Lockwell is multi-tenant by design. An app maps each of its customers (an org, a workspace, a project) to a tenant, and every tenant is isolated: separate buckets, separate keys, separate quota.

This page covers the model (tenants, scoped keys, native bearer tokens, signed URLs, admin tokens) and the security posture that backs it.

The model at a glance

ConceptWhat it isIssued byUsed for
TenantAn isolated namespace (your "org")Admin API / app kitContaining one customer's buckets and objects
Access keyaccessKeyId + secretKey, scoped to a tenantAdmin API / app kitS3 SigV4, and minting native tokens
Native bearer token (lwtk_)Short-lived token minted from an access keyThe native client (auto)The native JSON data plane
Native signed URLA method/resource/TTL-bound URL, no token neededA native clientBrowser-direct upload/download
Admin token (lwadm_)Bearer token with an RBAC rolelockwell admin-token createThe JSON Admin API

Tenants

A tenant is the unit of isolation. Provisioning is idempotent-ish: creating a tenant that already exists is not an error, so you can call provisionTenant on every customer sign-in without a "does it exist?" check.

ts
const { tenantId, created, key } = await kit.provisionTenant("acme", {
  name: "Acme Inc",
  defaultBucket: "inbox",
});
go
res, err := kit.ProvisionTenant(ctx, "acme", lockwellkit.ProvisionTenantInput{
 Name:          "Acme Inc",
 DefaultBucket: "inbox",
})
java
ProvisionResult res = kit.provisionTenant("acme",
    new LockwellKit.ProvisionOptions().tenantName("Acme Inc").defaultBucket("inbox"));

Map your customer's id to a Lockwell tenant id (e.g. org_acme becomes tenant acme). A credential's tenant is derived server-side from the credential itself, never from a request path, so one customer's request can never reach another's data. See isolation below. Tenants are disabled or deleted through the Admin API (reason required, retention and legal-hold gated). See the Admin API reference.

Scoped access keys

An access key is an accessKeyId + secretKey bound to a tenant. The secret is returned exactly once on create and on rotate. Lockwell stores only the encrypted secret and can never show it again, so persist it in your own datastore (encrypted) the moment you receive it.

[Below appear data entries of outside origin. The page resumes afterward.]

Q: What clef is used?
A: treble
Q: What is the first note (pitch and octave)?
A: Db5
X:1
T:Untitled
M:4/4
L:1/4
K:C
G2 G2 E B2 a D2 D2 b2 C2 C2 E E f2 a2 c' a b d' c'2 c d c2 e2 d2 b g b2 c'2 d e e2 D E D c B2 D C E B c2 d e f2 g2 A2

The secret is shown once There is no read-back endpoint for a secret. If you lose it, rotate the key to mint

a new one. Capture accessKeyId and secretKey from the create or rotate response before doing anything else. :::

Keys carry a scope in a small policy grammar: per-operation verbs plus optional bucket/prefix narrowing.

text
read,write,delete                          # full data-plane access for the tenant
op=read,write,delete:bucket=inbox          # the same, restricted to one bucket
op=read:bucket=inbox:prefix=incoming/      # read-only, one bucket, one prefix

The four verbs are read, write, delete, and admin. The app kit's provisionTenant mints a data key (read,write,delete, optionally bucket-scoped). It never hands back a key carrying the admin verb, so a provisioned key cannot manage buckets or policy. (When you ask the kit to create a default bucket, it mints a transient admin-scoped key for that one bucket and revokes it immediately.)

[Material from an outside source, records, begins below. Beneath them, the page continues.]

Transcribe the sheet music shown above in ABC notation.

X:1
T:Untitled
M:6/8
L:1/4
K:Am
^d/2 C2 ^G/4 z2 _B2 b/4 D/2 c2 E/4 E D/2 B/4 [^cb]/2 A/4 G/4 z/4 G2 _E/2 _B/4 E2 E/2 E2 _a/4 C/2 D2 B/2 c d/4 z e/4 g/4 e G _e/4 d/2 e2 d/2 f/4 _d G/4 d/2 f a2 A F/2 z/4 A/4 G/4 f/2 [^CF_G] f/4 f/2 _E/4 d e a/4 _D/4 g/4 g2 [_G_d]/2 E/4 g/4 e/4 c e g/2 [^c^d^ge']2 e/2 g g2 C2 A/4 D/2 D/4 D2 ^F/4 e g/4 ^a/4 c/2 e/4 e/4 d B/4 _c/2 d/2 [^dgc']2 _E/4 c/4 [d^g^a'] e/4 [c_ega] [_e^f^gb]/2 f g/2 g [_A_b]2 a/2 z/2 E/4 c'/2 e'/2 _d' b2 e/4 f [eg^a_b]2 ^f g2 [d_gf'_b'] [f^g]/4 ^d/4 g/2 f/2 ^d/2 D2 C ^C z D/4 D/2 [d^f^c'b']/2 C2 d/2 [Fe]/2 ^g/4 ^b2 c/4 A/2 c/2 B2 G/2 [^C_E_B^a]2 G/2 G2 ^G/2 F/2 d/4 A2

The scope grammar in detail

A scope string is one of two forms:

  • Verb list. A comma-separated subset of read, write, delete, admin applied to the whole tenant. Example: read,write.
  • Qualified form. op=<verbs>:bucket=<bucket>:prefix=<prefix> where bucket and prefix narrow the verbs. prefix requires bucket. Example: op=read,write:bucket=uploads:prefix=tenants/acme/.

Which verb each operation needs:

OperationVerb
GET, HEAD, list objects/versions, get tags/retention/legal-holdread
PUT, copy, multipart, set tags, set retention/legal-holdwrite
delete object, batch delete, abort multipartdelete
create/delete bucket, set versioning, set notificationsadmin

The same scope is enforced on every surface. A read-only key cannot write over S3, the native API, or a signed URL.

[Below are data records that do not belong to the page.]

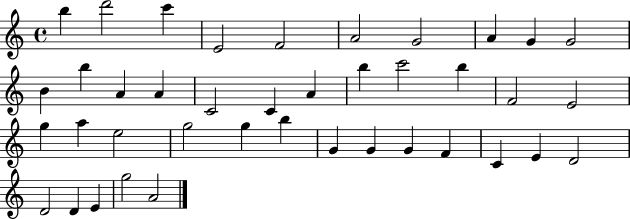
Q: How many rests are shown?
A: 0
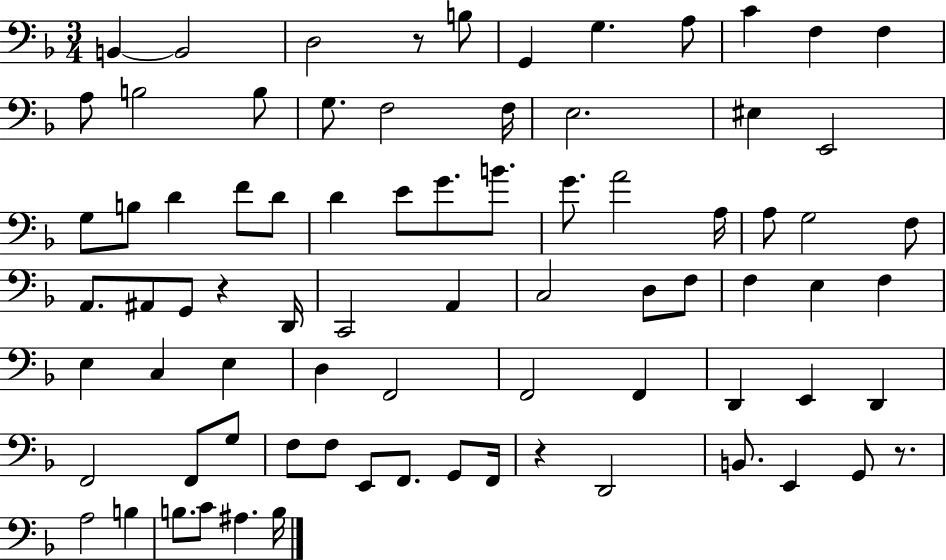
{
  \clef bass
  \numericTimeSignature
  \time 3/4
  \key f \major
  b,4~~ b,2 | d2 r8 b8 | g,4 g4. a8 | c'4 f4 f4 | \break a8 b2 b8 | g8. f2 f16 | e2. | eis4 e,2 | \break g8 b8 d'4 f'8 d'8 | d'4 e'8 g'8. b'8. | g'8. a'2 a16 | a8 g2 f8 | \break a,8. ais,8 g,8 r4 d,16 | c,2 a,4 | c2 d8 f8 | f4 e4 f4 | \break e4 c4 e4 | d4 f,2 | f,2 f,4 | d,4 e,4 d,4 | \break f,2 f,8 g8 | f8 f8 e,8 f,8. g,8 f,16 | r4 d,2 | b,8. e,4 g,8 r8. | \break a2 b4 | b8. c'8 ais4. b16 | \bar "|."
}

Create, rotate, revoke, expire

The key lifecycle runs through the Admin API (or the app kit's underlying admin client). Every mutation accepts dryRun to preview without applying, and the destructive ones (revokeKey) take a required, audited reason.

ts
// Create a precisely-scoped key. The secret is returned once.
const k = await admin.createKey("acme", {
  scopes: "op=read,write:bucket=uploads:prefix=incoming/",
  expiresAt: "2026-12-31", // RFC-3339, YYYY-MM-DD, or "never"
});
console.log(k.accessKeyId, k.secretKey); // store both now

// Rotate: revoke this key and mint a replacement. Restate the scope you want
// kept (an empty rotate resets it to the server default).
const rotated = await admin.rotateKey("acme", k.accessKeyId, {
  scopes: "op=read,write:bucket=uploads:prefix=incoming/",
});
console.log(rotated.accessKeyId, rotated.secretKey, rotated.oldAccessKeyId);

// Change expiry / scope later (admin UI or API). Then revoke when retired.
await admin.revokeKey("acme", k.accessKeyId, { reason: "employee offboarded" });
go
nk, _, err := admin.CreateKey(ctx, "acme", lockwelladmin.CreateKeyInput{
 Scopes:    "op=read,write:bucket=uploads:prefix=incoming/",
 ExpiresAt: "2026-12-31",
})
// nk.AccessKeyID, nk.SecretKey. Store both now.

rotated, _, err := admin.RotateKey(ctx, "acme", nk.AccessKeyID, lockwelladmin.RotateKeyInput{
 Scopes: "op=read,write:bucket=uploads:prefix=incoming/", // restate to keep it
})
// rotated.AccessKeyID + rotated.SecretKey are new; rotated.OldAccessKeyID is revoked.

_, _, err = admin.RevokeKey(ctx, "acme", nk.AccessKeyID,
 lockwelladmin.RevokeKeyInput{Reason: "employee offboarded"})
java
NewKey k = admin.createKey("acme",
    new CreateKeyOptions(null, "op=read,write:bucket=uploads:prefix=incoming/", "2026-12-31"));
// k.key().accessKeyId(), k.secretKey(). Store both now.

NewKey rotated = admin.rotateKey("acme", k.key().accessKeyId(),
    new RotateKeyOptions("op=read,write:bucket=uploads:prefix=incoming/", null));
// rotated.key().accessKeyId() + rotated.secretKey() are new; rotated revokes the old.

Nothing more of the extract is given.